Trade payables are non-interest bearing and normally settled within 30 days.

Trade payables and other accrued expenses include items of working capital related to participation in oil and gas licenses in Kurdistan and the North Sea, and prepayments from customers related to oil and gas sales in the North Sea. The overlift and other adjustments relate to North Sea overlifted volumes, valued at production cost including depreciation, and other lifting related adjustments in Kurdistan.

Note 14 | Derivatives

At 31 Dec
USD million 2025 2024
Commodity derivatives (current assets) 11.5 -
Commodity derivatives (current liabilities) 5.6 -
Net derivatives 5.9 -

Through the acquisition of Sval Energi, DNO assumed a portfolio of commodity derivatives which are used to hedge the Group's exposure to gas price fluctuations. The derivative portfolio is revalued on a mark to market basis, with changes in value recognized in the income statement. All derivatives are measured at fair value on a recurring basis (level 2 in the fair value hierarchy).

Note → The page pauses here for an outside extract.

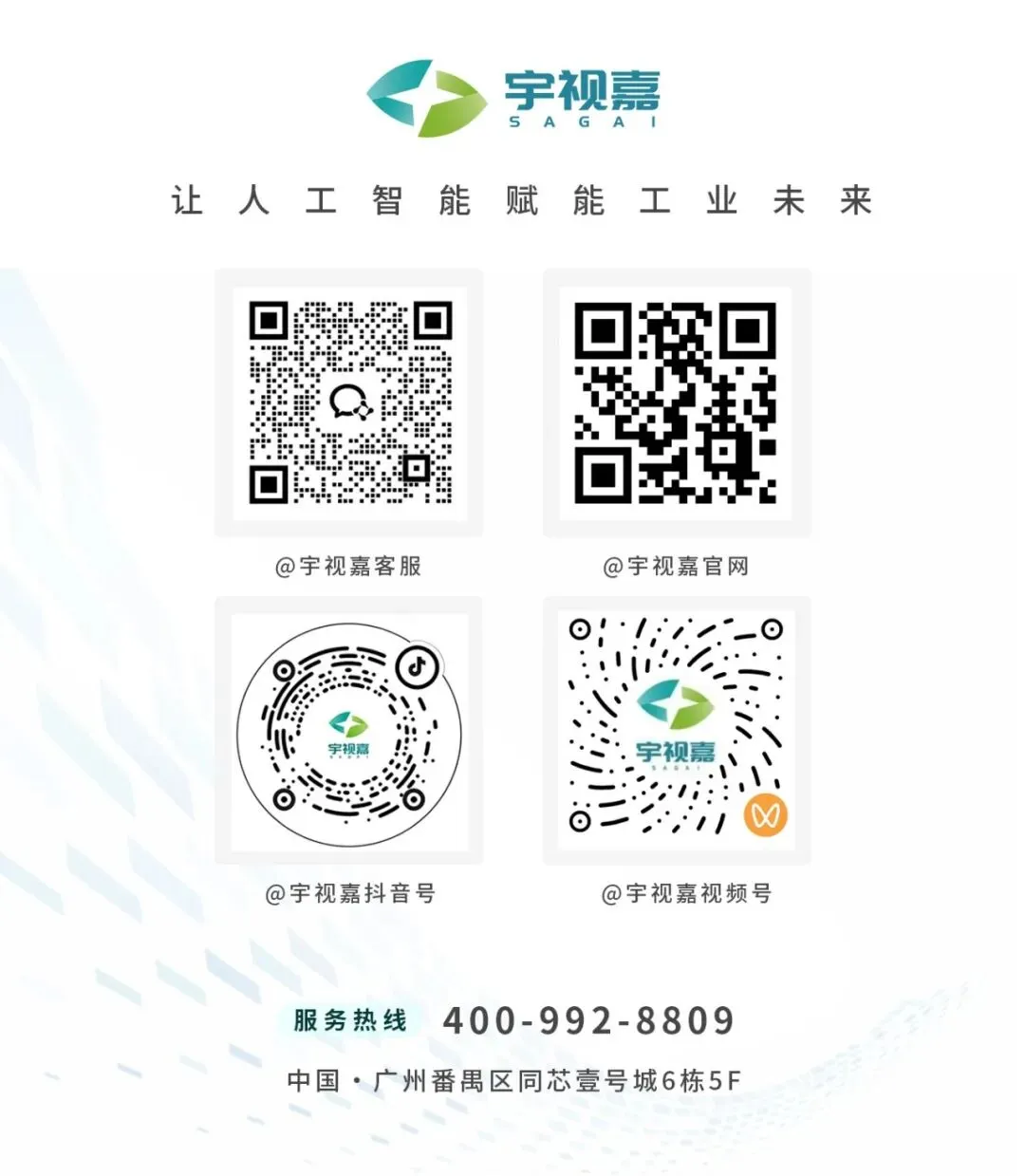 XAIR Expo 2026｜宇视嘉四大传动产品，助力人形机器人与高端自动化落地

As of 31 December 2025, the Group had hedged approximately 40 percent of the post-tax gas price exposure in the North Sea structure for 2026. The hedging strategy involves the use of collar structures. The weighted average strike prices are USD 61 per boe for the purchased puts and USD 124 for the calls sold. The current commodity derivative liability is related to deferred hedging premiums.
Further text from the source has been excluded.